To the best of our knowledge, this is the first documented case of AVN after a femoral head reduction [7]. Interestingly, during surgery, the mobile head fragment was tested viable through small microfracture holes that showed subchondral bone bleeding.

Nevertheless, in hips affected by LCPD, the lateral epiphyseal arteries' blood supply may be impaired at their origin, leading to underrepresented and compromised retinacular vessels [20]. The vascular penetration regenerative process may also be absent in the femoral head's weight-bearing portion, right below the acetabular roof, enlightening the need for special care and effort required to assess, pre- and intra-operative, the femoral head perfusion before the FHRO [20].

To be emphasized finally, the young patient also presented bilateral agenesis of the tensor fasciae latae. This aplasia was discovered intraoperatively, confirmed on the MRI before the THA (Fig. 10), and retrospectively observed on the MRI before the first surgery. This is an exceedingly rare condition that should be known before any anterior approach to the hip where the tensor fasciae latae is the prominent landmark. Neither the patient nor her parents suffered from other congenital known muscular aplasia or signs of neuromuscular diseases [21]. The aplasia of the tensor of the fasciae latae muscle could be only mere randomness but led us to question if this anatomic vascular aberration could influence the entire hip region thus, on the mobile fragment insufficient perfusion and AVN development.

Fig. 10.

Pelvic Magnetic Resonance Imaging showing the complete bilateral agenesis of the tensor of the fasciae latae muscles.

As suggested by the peculiarity of this case, before performing an FHRO, a super-selective MRI perfusion study of the retinacular vessels should have been recommended.
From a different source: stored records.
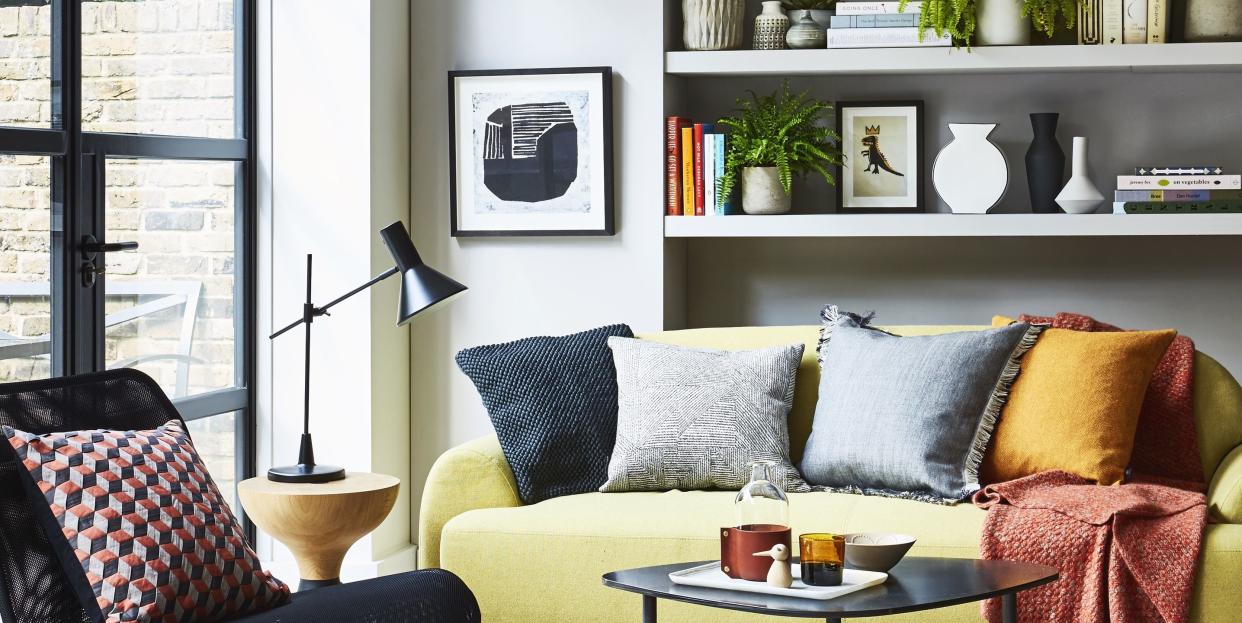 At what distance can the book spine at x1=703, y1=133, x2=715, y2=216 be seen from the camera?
405 centimetres

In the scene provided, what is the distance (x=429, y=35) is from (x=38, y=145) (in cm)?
146

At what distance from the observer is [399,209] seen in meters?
4.15

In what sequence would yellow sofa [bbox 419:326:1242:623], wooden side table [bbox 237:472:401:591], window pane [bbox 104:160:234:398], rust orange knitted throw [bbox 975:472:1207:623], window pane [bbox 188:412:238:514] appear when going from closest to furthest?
rust orange knitted throw [bbox 975:472:1207:623]
yellow sofa [bbox 419:326:1242:623]
wooden side table [bbox 237:472:401:591]
window pane [bbox 104:160:234:398]
window pane [bbox 188:412:238:514]

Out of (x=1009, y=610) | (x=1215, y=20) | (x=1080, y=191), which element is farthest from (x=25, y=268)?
(x=1215, y=20)

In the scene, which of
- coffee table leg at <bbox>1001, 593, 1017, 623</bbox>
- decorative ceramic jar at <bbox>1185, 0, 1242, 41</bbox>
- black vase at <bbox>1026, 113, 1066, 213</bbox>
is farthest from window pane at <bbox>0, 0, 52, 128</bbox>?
decorative ceramic jar at <bbox>1185, 0, 1242, 41</bbox>

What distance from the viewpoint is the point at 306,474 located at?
3.03m

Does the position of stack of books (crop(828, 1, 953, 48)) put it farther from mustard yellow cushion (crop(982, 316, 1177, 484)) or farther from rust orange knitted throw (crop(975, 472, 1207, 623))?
rust orange knitted throw (crop(975, 472, 1207, 623))

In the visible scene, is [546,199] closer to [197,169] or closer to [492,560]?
[197,169]

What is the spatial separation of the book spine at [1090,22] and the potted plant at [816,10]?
0.72 m

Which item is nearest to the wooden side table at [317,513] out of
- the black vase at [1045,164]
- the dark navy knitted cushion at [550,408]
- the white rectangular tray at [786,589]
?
the dark navy knitted cushion at [550,408]

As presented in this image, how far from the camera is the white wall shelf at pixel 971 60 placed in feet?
12.5

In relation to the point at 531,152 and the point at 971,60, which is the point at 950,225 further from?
the point at 531,152

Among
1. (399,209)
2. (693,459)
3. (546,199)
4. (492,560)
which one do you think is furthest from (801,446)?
(399,209)

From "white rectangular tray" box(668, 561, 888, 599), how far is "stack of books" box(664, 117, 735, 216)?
193cm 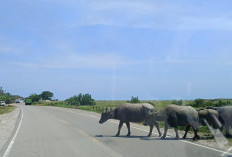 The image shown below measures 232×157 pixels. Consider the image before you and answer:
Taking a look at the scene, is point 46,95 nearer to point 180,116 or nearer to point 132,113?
point 132,113

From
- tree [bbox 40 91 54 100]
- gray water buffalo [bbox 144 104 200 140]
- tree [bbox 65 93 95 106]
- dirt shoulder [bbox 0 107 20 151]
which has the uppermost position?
tree [bbox 40 91 54 100]

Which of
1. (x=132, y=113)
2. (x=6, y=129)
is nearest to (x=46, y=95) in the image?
(x=6, y=129)

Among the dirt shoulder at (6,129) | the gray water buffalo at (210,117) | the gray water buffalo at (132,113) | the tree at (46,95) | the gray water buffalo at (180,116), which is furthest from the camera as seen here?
the tree at (46,95)

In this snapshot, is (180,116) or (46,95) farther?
(46,95)

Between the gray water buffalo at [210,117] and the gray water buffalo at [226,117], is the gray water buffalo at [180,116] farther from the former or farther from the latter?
the gray water buffalo at [226,117]

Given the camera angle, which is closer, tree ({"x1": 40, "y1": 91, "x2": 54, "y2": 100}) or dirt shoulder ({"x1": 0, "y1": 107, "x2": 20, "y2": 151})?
dirt shoulder ({"x1": 0, "y1": 107, "x2": 20, "y2": 151})

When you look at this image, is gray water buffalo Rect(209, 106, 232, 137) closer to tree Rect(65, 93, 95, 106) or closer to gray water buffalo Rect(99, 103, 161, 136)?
gray water buffalo Rect(99, 103, 161, 136)

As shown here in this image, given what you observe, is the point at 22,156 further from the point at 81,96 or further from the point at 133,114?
the point at 81,96

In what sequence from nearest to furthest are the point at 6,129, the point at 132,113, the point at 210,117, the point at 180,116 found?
the point at 180,116 < the point at 210,117 < the point at 132,113 < the point at 6,129

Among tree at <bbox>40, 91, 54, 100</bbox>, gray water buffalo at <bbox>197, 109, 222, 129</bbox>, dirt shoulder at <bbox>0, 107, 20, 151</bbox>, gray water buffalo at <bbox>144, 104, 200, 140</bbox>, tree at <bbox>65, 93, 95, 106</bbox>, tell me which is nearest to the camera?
gray water buffalo at <bbox>144, 104, 200, 140</bbox>

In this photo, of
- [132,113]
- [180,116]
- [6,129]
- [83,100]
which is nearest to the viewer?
[180,116]

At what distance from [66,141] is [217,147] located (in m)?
6.45

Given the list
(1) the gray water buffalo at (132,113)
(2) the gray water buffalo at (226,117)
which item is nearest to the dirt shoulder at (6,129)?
(1) the gray water buffalo at (132,113)

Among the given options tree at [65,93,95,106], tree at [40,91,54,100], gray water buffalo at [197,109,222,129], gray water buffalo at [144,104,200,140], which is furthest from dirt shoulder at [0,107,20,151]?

Notwithstanding, still unclear remains the question if the AVN was a result of the surgical procedure, a consequence of the femoro-acetabular incongruency, a fragile and unfavorable anatomical hip vascularization somehow related to the tensor aplasia, or else. Impossible to be known. Neither is possible to know the main reason for this structurally well-performed osteotomy failure. The excessive, not reversible articular cartilage damage, the overcoming AVN or both?

CONCLUSION

LCPD sequelae can be disabling and complex to treat, especially in a younger patient where a replacement is not well accepted.

The FHRO, associated with PAO, is a valid surgical indication in patients with congruent acetabular morphology and without substantial degenerative joint changes. Unfortunately, in cases with unfavorable prognostic factors, the conservative surgery chances of success fall off. Even though a failure for a femoral head avascular necrosis is a rarity, the condition of agenesis of the TFL, having never been described before, may imply the entire region’s blood supply affecting this FHRO outcome.

DATA AVAILABILITY

The authors confirm that the data supporting the findings of this study are available within the article.